Will there be any changes? I note, with alarm, that, in a reply to a comment on your announcement (https://www.lbhf.gov.uk/articles/news/2019/08/residents-shape-safer-cycling-facilities-hammersmith), an LBH&F spokesman said “We don’t know what, if anything, will change” after listening to residents. The implication is that there might be no changes and that CS9 could still go ahead along King Street more or less as TfL has proposed. Might that be the case?
Will you consult retailers? Given the fact that, here in Chiswick, there is enormous concern about the impact of CS9 on retailers along Chiswick High Road and nearby, I am concerned that your statement says you will be “working with TfL and a residents’ advisory group” with no mention of consulting retailers. From our experience in Chiswick, retailers’ concerns are as much about any cycling scheme’s impact on local residents, disabled people and schools. They are, after all, the retailers’ customers – and ensuring customers can get to and from shops, cafes, pubs and restaurants easily and safely is a key concern. Issues such as space for walking, driving, parking and loading are obviously crucial, as are bus lanes and the impact of the scheme on pollution and congestion. All must be considered in any redesign. Will you be consulting retailers on these issues?
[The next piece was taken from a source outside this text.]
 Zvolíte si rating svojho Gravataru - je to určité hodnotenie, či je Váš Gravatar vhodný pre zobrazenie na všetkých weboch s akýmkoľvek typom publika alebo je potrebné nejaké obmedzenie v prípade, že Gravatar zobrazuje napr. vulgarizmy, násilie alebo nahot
Streetscape changes only? I note that you seek a scheme that will “complement the streetscape along King Street and Hammersmith Road”. I note also that LBH&F has said it is “particularly keen to learn what residents think about how the route integrates into the surrounding environment”. Does that mean that changes might be restricted to aesthetics alone, important though that is, rather than the type of scheme it will be?
What is a Safer Cycle Pathway? It would be most helpful to know what you mean by “The Safer Cycle Pathway will be tailored to suit families, novice riders and those just looking to pop to the shops”? Might this be an on-pavement mini-Holland scheme (which has failed in, for example, Enfield, as I discovered when I visited (http://turnhamgreen.yourcllr.com/2019/03/08/empirical-evidence-from-enfield-shows-cs9-will-put-local-shops-at-risk/), or carved out of pavement, or on the road? Will it be on both sides of the entire length of King Street, enabling popping to all shops, or on one side only? Or do you propose something entirely different from any scheme introduced so far?
How will the Cycle Highway be configured? Will this be on one side of the A4 only or on both sides? Is this open to consultation or has it already been agreed?
Will there be collaboration with Chiswick? Clearly, whatever happens in LBH&F will impact on what happens in Chiswick. It seems to me that it is essential that both councils work together on this and, in particular, that councillors who represent Chiswick should be involved in discussions about, for example, how your Safer Cycle Pathway joins Chiswick High Road and how your Cycle Highway will work along the A4 in Chiswick. I hope you will allow us to attend the workshops as observers so we can understand the thinking behind your residents’ views and consider compatibility and suitability at the boundaries with Chiswick, and beyond, for pedestrians, cyclists, users of public transport and drivers.
I urge you to collaborate with us to ensure your scheme for King Street is compatible with what is needed along Chiswick High Road particularly, but not only, at the boundary with Chiswick.
I also urge you to collaborate with us to ensure your TfL-supported scheme for the A4 from Hammersmith Gyratory to the boundary with Chiswick is compatible with what is needed along the A4 in Chiswick.
Meanwhile, I am puzzled by an apparent contradiction between your announcement and TfL’s views. I see from an article (http://www.hammersmithtoday.co.uk/default.asp?section=info&page=cyclehighway033.htm) published after your press statement was issued, that TfL considers that CS9 still exists as proposed. This is rather confusing. It also says that LBH&F has already redesigned its new scheme. Is that the case? Have you already held workshops with residents’ groups, disability groups and schools or with the residents’ advisory group? If so, were they held during the summer when many people were away?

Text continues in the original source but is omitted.